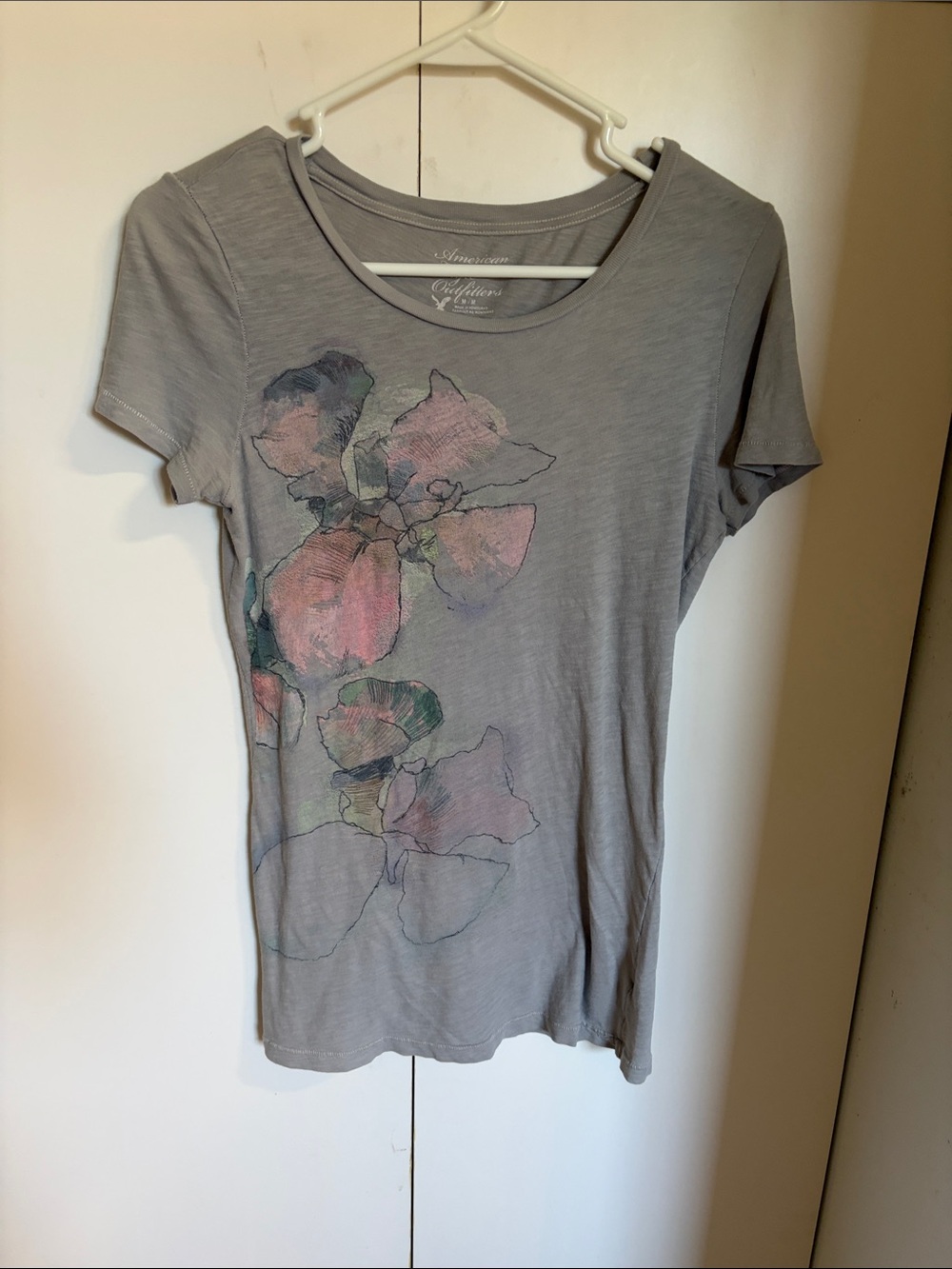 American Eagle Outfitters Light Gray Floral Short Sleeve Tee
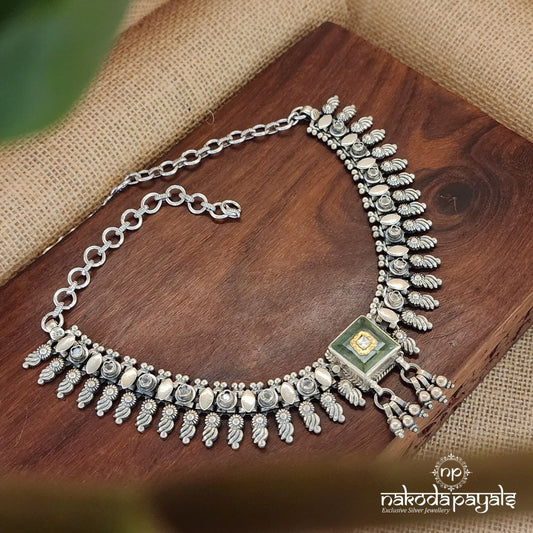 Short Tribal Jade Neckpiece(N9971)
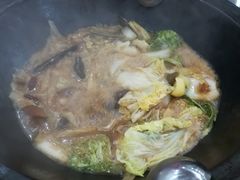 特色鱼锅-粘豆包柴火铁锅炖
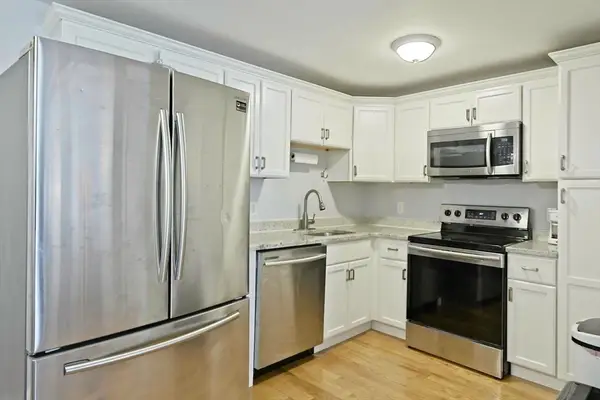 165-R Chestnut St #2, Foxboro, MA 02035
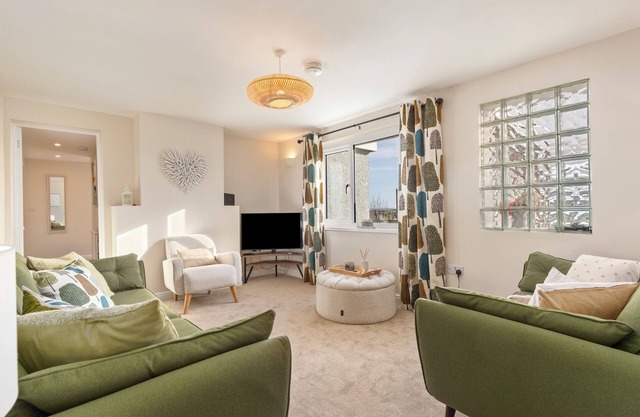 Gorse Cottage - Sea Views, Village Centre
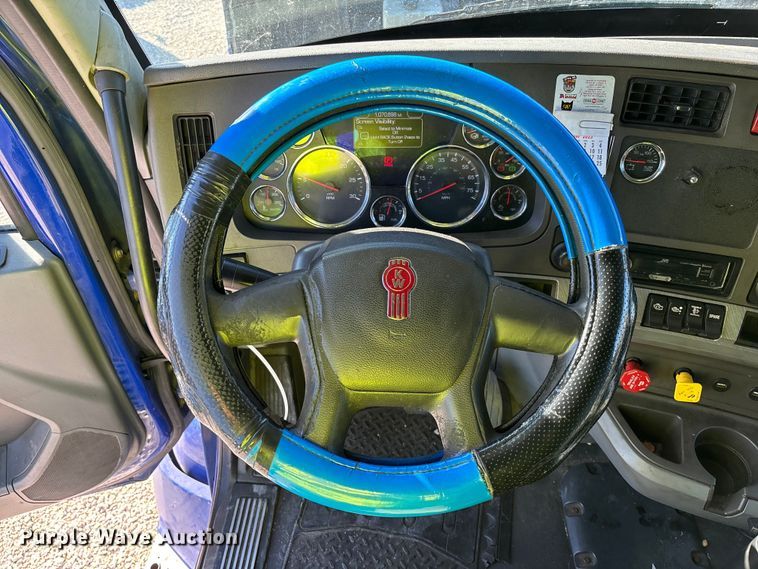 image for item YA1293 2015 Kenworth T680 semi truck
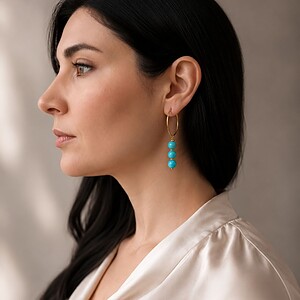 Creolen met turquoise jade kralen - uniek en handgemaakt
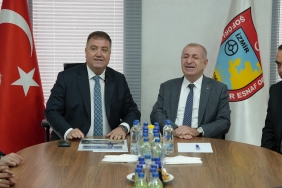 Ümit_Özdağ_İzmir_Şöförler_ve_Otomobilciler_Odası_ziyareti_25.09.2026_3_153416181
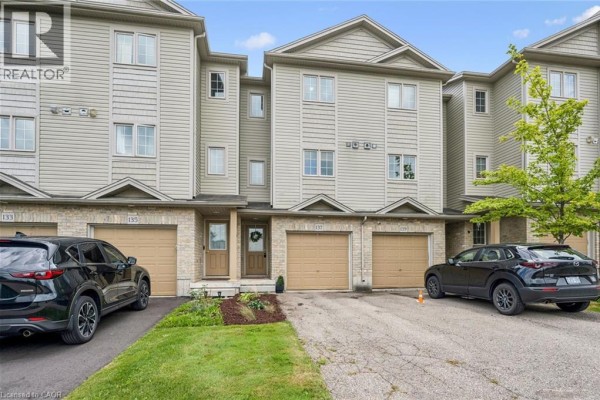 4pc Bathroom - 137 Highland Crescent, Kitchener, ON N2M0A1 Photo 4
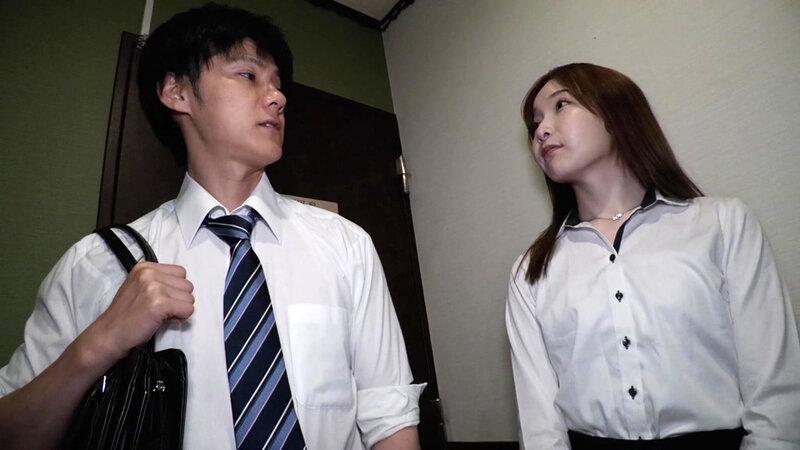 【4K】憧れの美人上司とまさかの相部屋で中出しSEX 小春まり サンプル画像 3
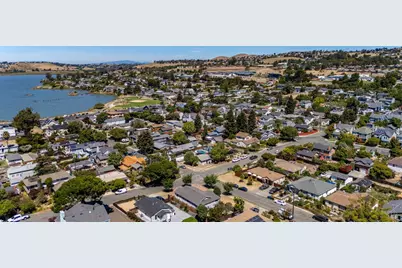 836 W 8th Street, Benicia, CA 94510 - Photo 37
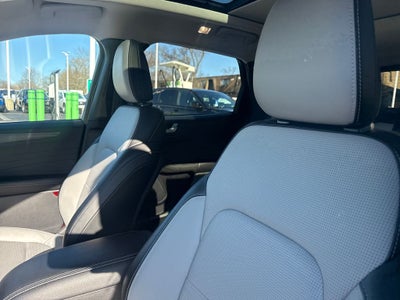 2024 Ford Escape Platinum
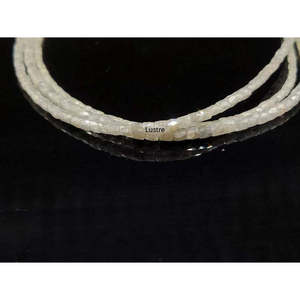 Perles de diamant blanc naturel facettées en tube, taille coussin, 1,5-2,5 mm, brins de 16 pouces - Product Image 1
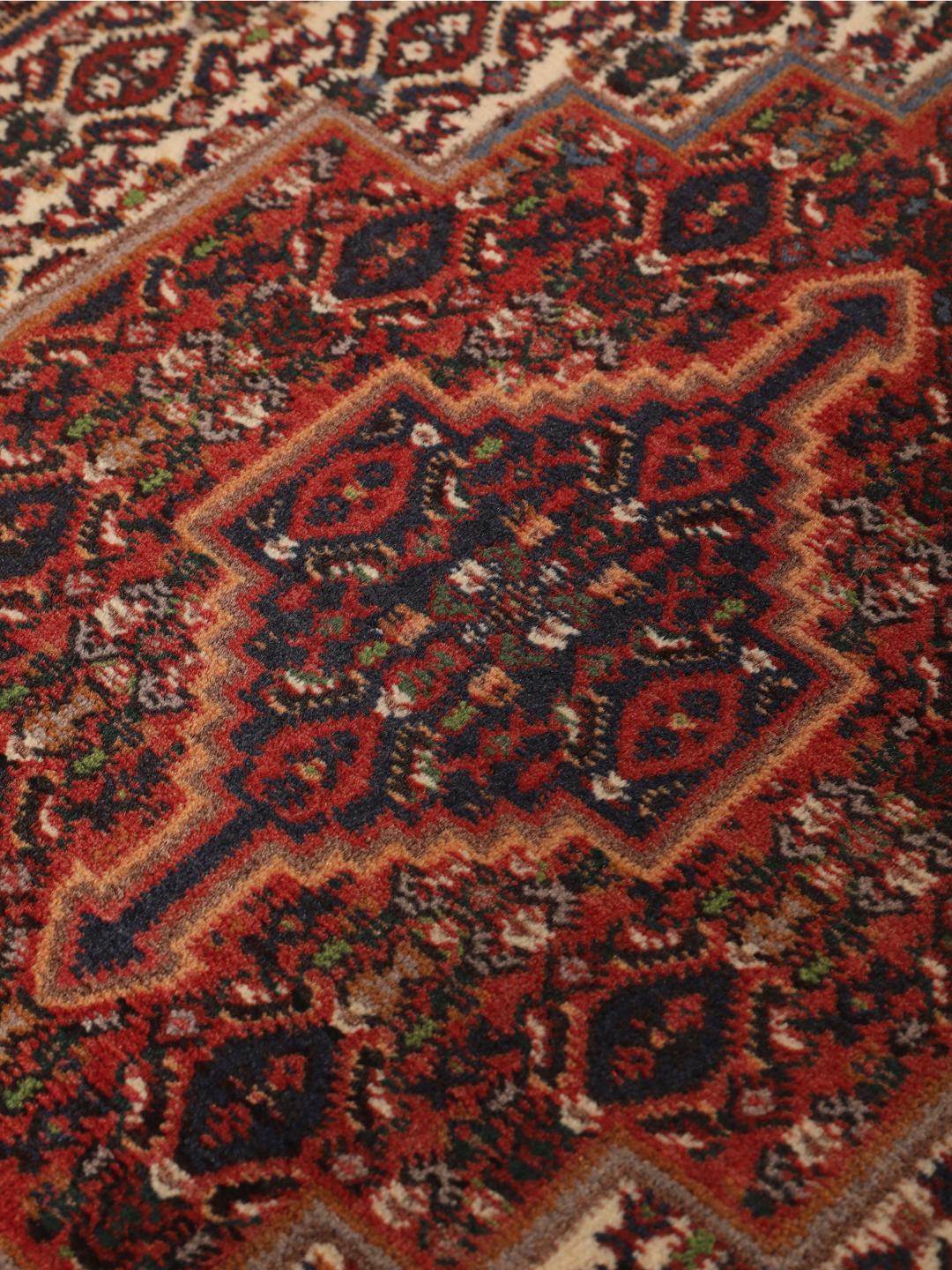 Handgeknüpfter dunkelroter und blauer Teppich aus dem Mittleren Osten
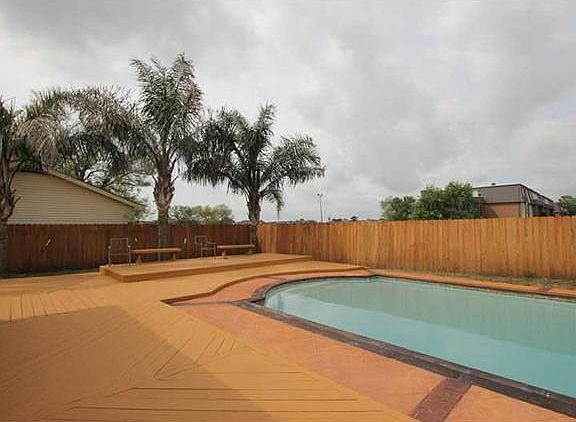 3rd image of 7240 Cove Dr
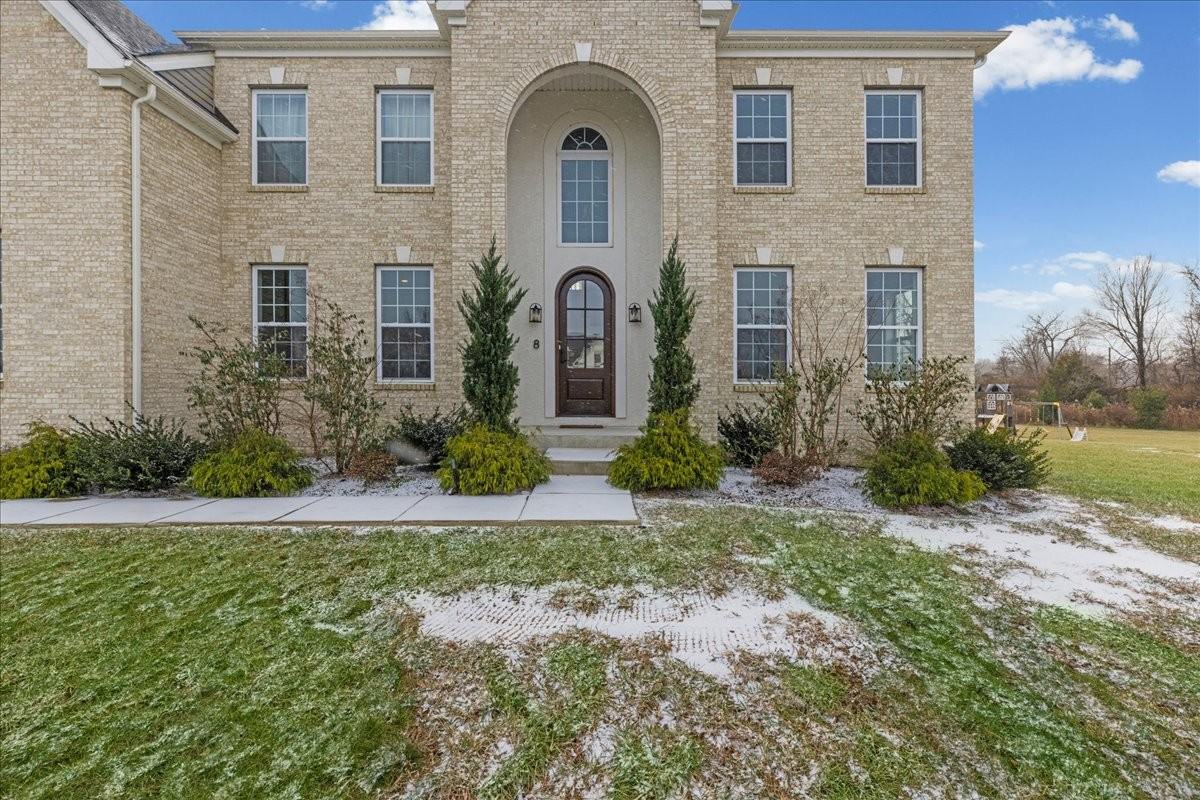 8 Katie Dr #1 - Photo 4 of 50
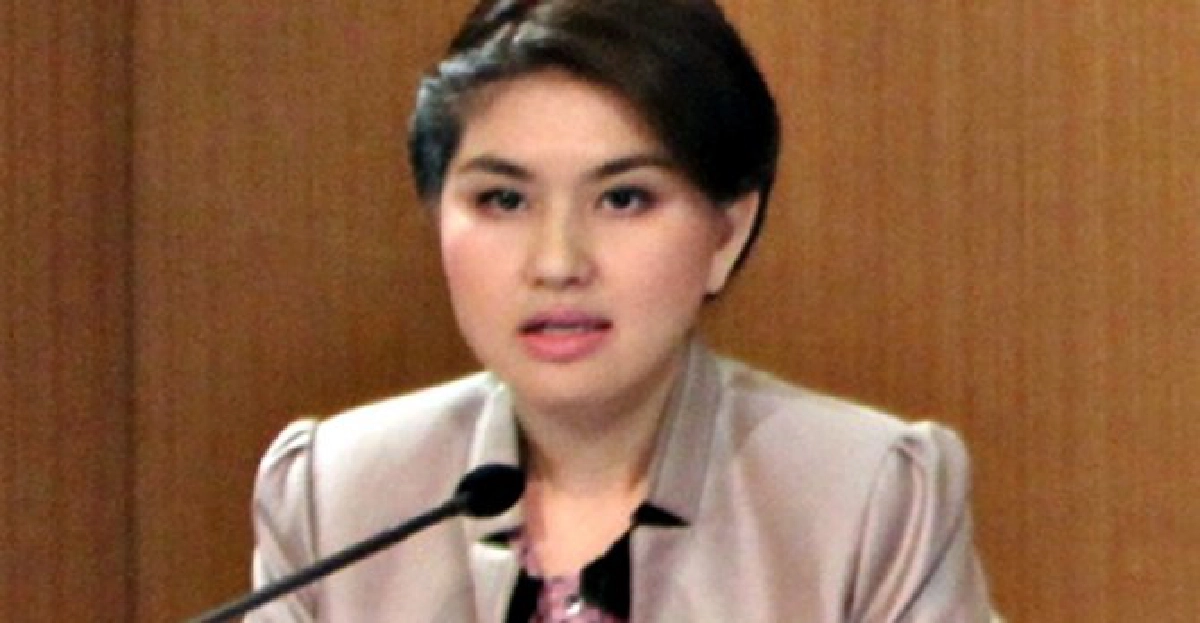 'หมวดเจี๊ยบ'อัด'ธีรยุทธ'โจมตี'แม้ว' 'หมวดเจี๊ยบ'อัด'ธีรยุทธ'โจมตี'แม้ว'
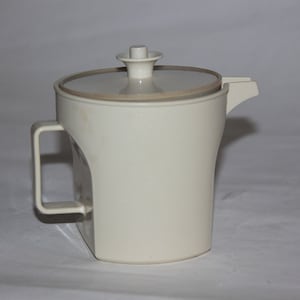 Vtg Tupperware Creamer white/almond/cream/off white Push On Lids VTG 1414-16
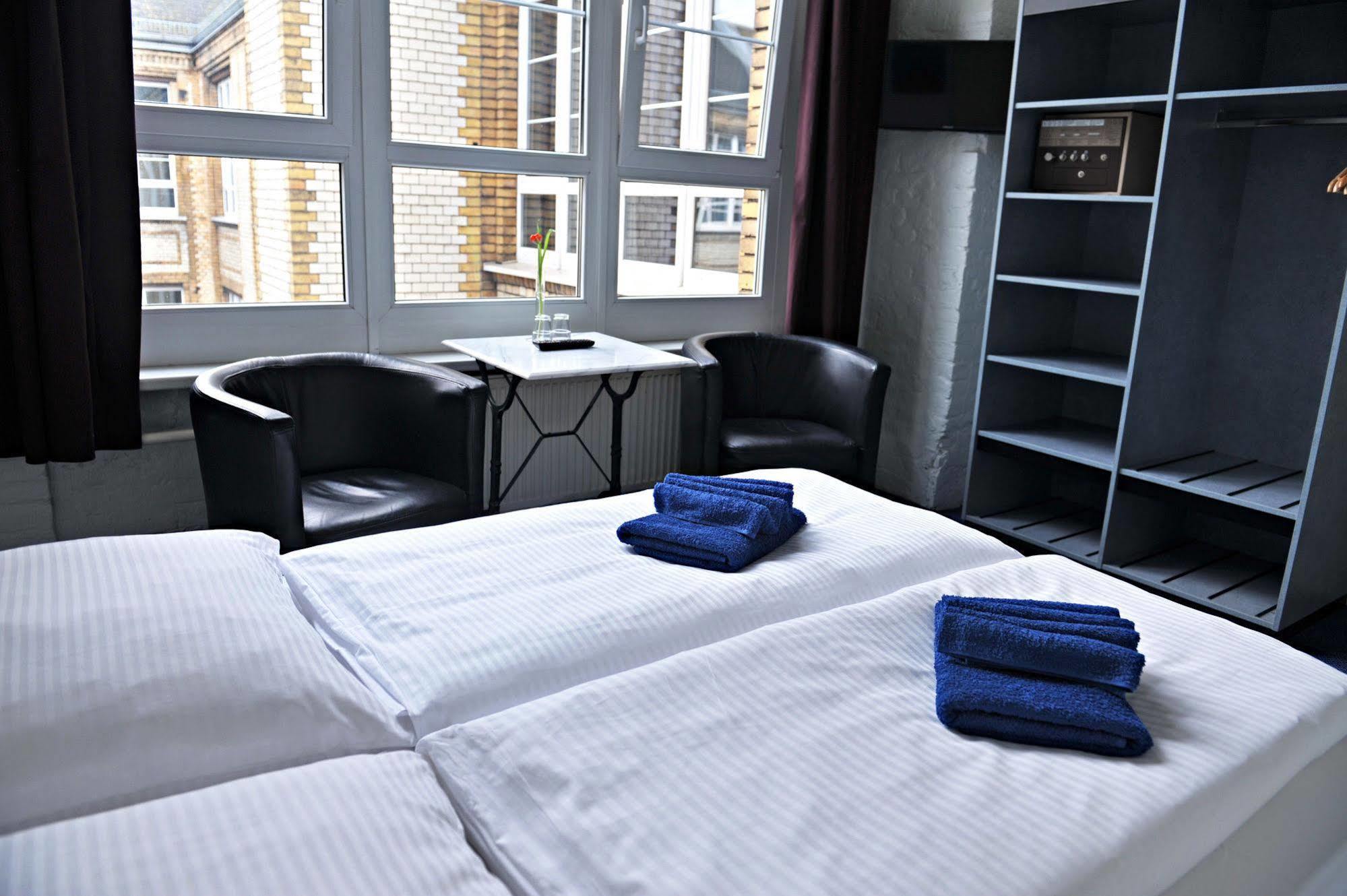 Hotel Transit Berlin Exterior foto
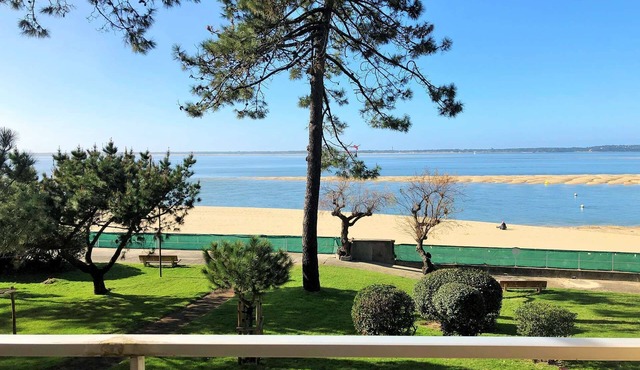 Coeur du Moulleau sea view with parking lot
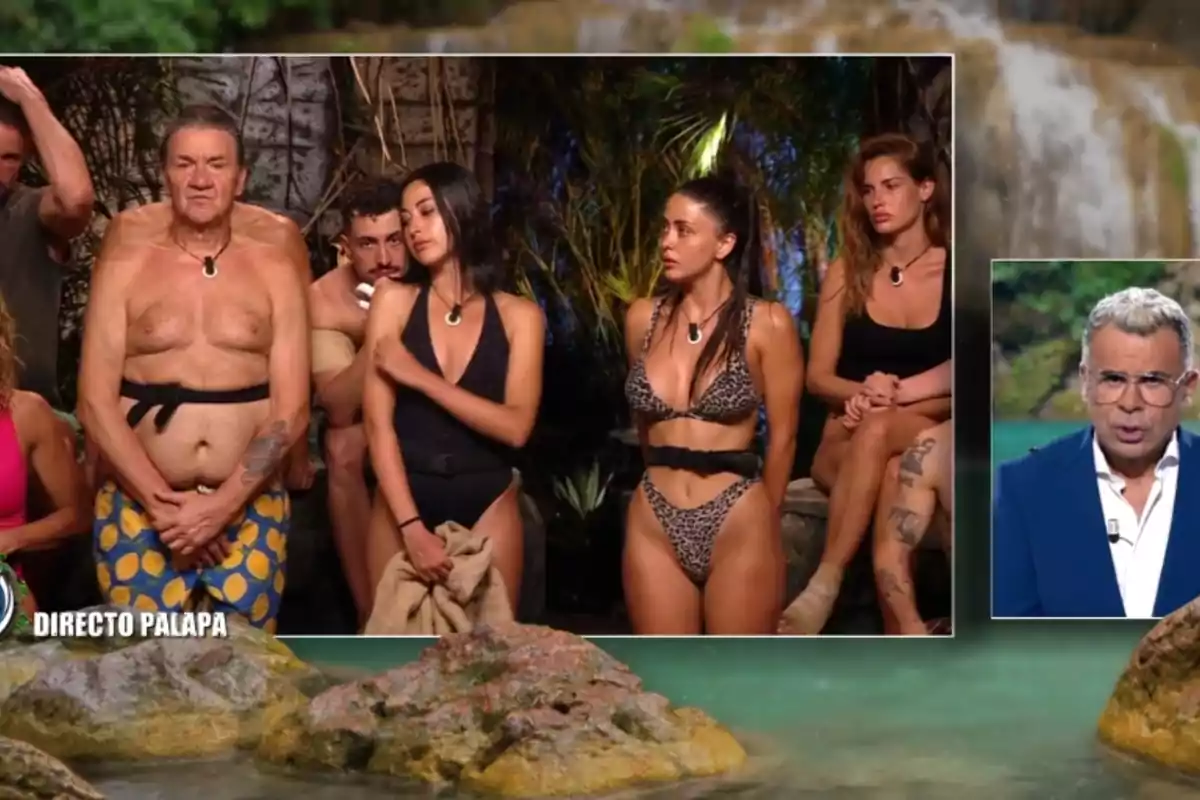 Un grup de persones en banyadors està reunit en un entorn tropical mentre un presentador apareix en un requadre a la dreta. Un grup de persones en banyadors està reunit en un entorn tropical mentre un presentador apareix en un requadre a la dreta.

+===+

Where the line containing "8 Katie Dr #1 - Photo 4 of 50" appears, begin copying there and continue exactly through the final line of the records; both end lines belong in the copy, pictures do not.

 8 Katie Dr #1 - Photo 4 of 50
 'หมวดเจี๊ยบ'อัด'ธีรยุทธ'โจมตี'แม้ว' 'หมวดเจี๊ยบ'อัด'ธีรยุทธ'โจมตี'แม้ว'
 Vtg Tupperware Creamer white/almond/cream/off white Push On Lids VTG 1414-16
 Hotel Transit Berlin Exterior foto
 Coeur du Moulleau sea view with parking lot
 Un grup de persones en banyadors està reunit en un entorn tropical mentre un presentador apareix en un requadre a la dreta. Un grup de persones en banyadors està reunit en un entorn tropical mentre un presentador apareix en un requadre a la dreta.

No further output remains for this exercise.